From owner-freebsd-hackers@FreeBSD.ORG  Wed Jul  9 14:21:08 2003
Return-Path: <owner-freebsd-hackers@FreeBSD.ORG>
Delivered-To: freebsd-hackers@freebsd.org
Received: from mx1.FreeBSD.org (mx1.freebsd.org [216.136.204.125])
	by hub.freebsd.org (Postfix) with ESMTP id 9069037B401
	for <freebsd-hackers@freebsd.org>;
	Wed,  9 Jul 2003 14:21:08 -0700 (PDT)
Received: from smtp.goamerica.net (ny-mx-01.goamerica.net [208.200.67.108])
	by mx1.FreeBSD.org (Postfix) with ESMTP id A6DC943F75
	for <freebsd-hackers@freebsd.org>;
	Wed,  9 Jul 2003 14:21:07 -0700 (PDT)	(envelope-from eaja@erols.com)
Received: from localhost (165.sub-166-141-30.myvzw.com [166.141.30.165])
	by smtp.goamerica.net (8.12.8/8.12.8) with SMTP id h69LKFNf007124;
	Wed, 9 Jul 2003 17:20:17 -0400 (EDT)
Date: Wed, 9 Jul 2003 17:19:40 -0400
From: Eric Jacobs <eaja@erols.com>
To: freebsd-hackers@freebsd.org
Message-Id: <20030709171940.1366084b.eaja@erols.com>
In-Reply-To: <20030709150708.O30571@beagle.fokus.fraunhofer.de>
References: <20030709150708.O30571@beagle.fokus.fraunhofer.de>
X-Mailer: Sylpheed version 0.8.5 (GTK+ 1.2.10; i386-portbld-freebsd4.2)
Mime-Version: 1.0
Content-Type: text/plain; charset=US-ASCII
Content-Transfer-Encoding: 7bit
Subject: Re: Race in kevent
X-BeenThere: freebsd-hackers@freebsd.org
X-Mailman-Version: 2.1.1
Precedence: list
List-Id: Technical Discussions relating to FreeBSD
	<freebsd-hackers.freebsd.org>
List-Unsubscribe: <http://lists.freebsd.org/mailman/listinfo/freebsd-hackers>,
	<mailto:freebsd-hackers-request@freebsd.org?subject=unsubscribe>
List-Archive: <http://lists.freebsd.org/pipermail/freebsd-hackers>
List-Post: <mailto:freebsd-hackers@freebsd.org>
List-Help: <mailto:freebsd-hackers-request@freebsd.org?subject=help>
List-Subscribe: <http://lists.freebsd.org/mailman/listinfo/freebsd-hackers>,
	<mailto:freebsd-hackers-request@freebsd.org?subject=subscribe>
X-List-Received-Date: Wed, 09 Jul 2003 21:21:09 -0000

On Wed, 9 Jul 2003 15:28:38 +0200 (CEST)
Harti Brandt <brandt@fokus.fraunhofer.de> wrote:

> Hi,
> 
> I just had a crash while typing ^C to a program that has a kevent timer
> running.
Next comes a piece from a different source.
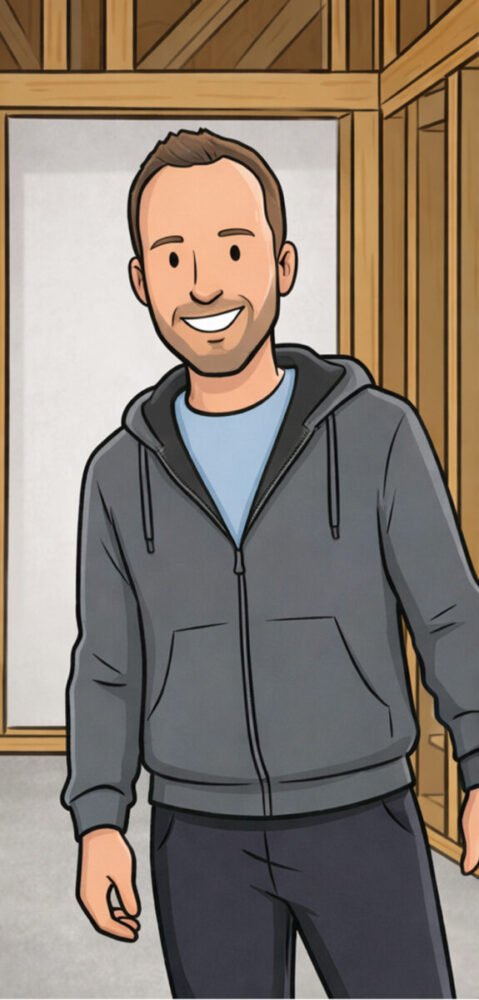 An illustrated portrait of Josh, a construction professional at Onyx Builders, representing expert project management and home building services.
The crash was:
> 
> callout_stop
> callout_reset
> filt_timerexpire
> softclock
> 
> and callout_stop was accessing freed memory (0xdeadc0e2). After looking
> some time at the filt_timerdetach, callout_stop and softclock I think the
> following happened:

I've had a very similar problem with the timeouts being stopped incorrectly
when my xl-based Cardbus NIC is removed. I wrote a post about it, but didn't
get any responses.

http://lists.freebsd.org/pipermail/freebsd-hackers/2003-June/001531.html

My suspicion is that this is not a problem with the xl or kevent code which
are clients of the timeout interface, but a deficiency in the timeout
mechanism itself.

> 
> 
> Proc 1                                  Proc 2
> ------                                  ------
> filt_timerdetach			softclock called
> call with Giant locked
> 
> 					lock_spin(callout_lock)
> 					...
> call callout_stop which hangs on
> lock_spin(callout_lock)
> 
> 					sofclock finds the callout,
> 					removes it from its queue and
> 					clears PENDING
> 
> 					unlock_spin(callout_lock)
> 					lock(&Giant) blocks
> 
> callout_stop finds the callout to
> be not pending and returns
> 
> filt_timerdetach frees the callout
> 
> ...
> 
> unlock(&Giant)
> 					softclock continues and calls
> 					the (stopped) callout
> 
> 					KABOOM because the pointer used
> 					by filt_timerexpire is gone
> 
> 
> The problem seems to be that there is a small window where the callout is
> already taken off from the callout queue, but not yet called and where all
> locks are unlocked. callout_stop may just slip into this window and
> invalidate the callout softclock() is about to call as soon as it gets
> Giant

Yup, that was my analysis of what happened with my problem as well.

> (event with an non-MPSAFE callout the same problem exists although
> the window is much smaller).

Actually, I'm not certain that improves anything at all. The timeout
routine would probably utilize a finer-grained lock which can cause
the context-switch and the same problem.

> What to do?
> 
> callout_stop already detects this situation and returns 0. As far as I
> understand the way to handle this is not to free the callout memory in
> filt_timerdetach() when callout_stop() returns 0, but let the callout be
> called. filt_timerexpire() should detect this situation and simply free
> the memory and return. Is this a possible solution? (Actually this
> requires some work, because the knote pointer that the filt_timerexpire()
> gets is probably also gone).

Unfortunately I do not think this is simply a memory-management issue.
The essential logical problem is that the timeout function is being
called after it has been removed. It may try to reference data structures
that have been freed with the expectation that the timeout function will
no longer be called.

I didn't think of it in my original post, but perhaps we need a 
"thissoftcheck" pointer that works analogously to "nextsoftcheck",
except that instead of being advanced to the next entry in the queue,
it is simply zeroed out when the entry is removed. softclock() could
detect this pointer being zeroed out just before it goes to call the
callout or timeout function and skip that invocation if that is the
case.

This is definitely not a solution in the CALLOUT_MPSAFE case, however,
because it would make no sense to try to verify this pointer in the
unprotected area between the spin lock being dropped and the sleep
lock being picked up. In the !CALLOUT_MPSAFE case, we know what the
sleep mutex would be -- it is always Giant -- and so we can test the
pointer after that point.

I am still not certain I am thinking clearly about this.

Thoughts?

Eric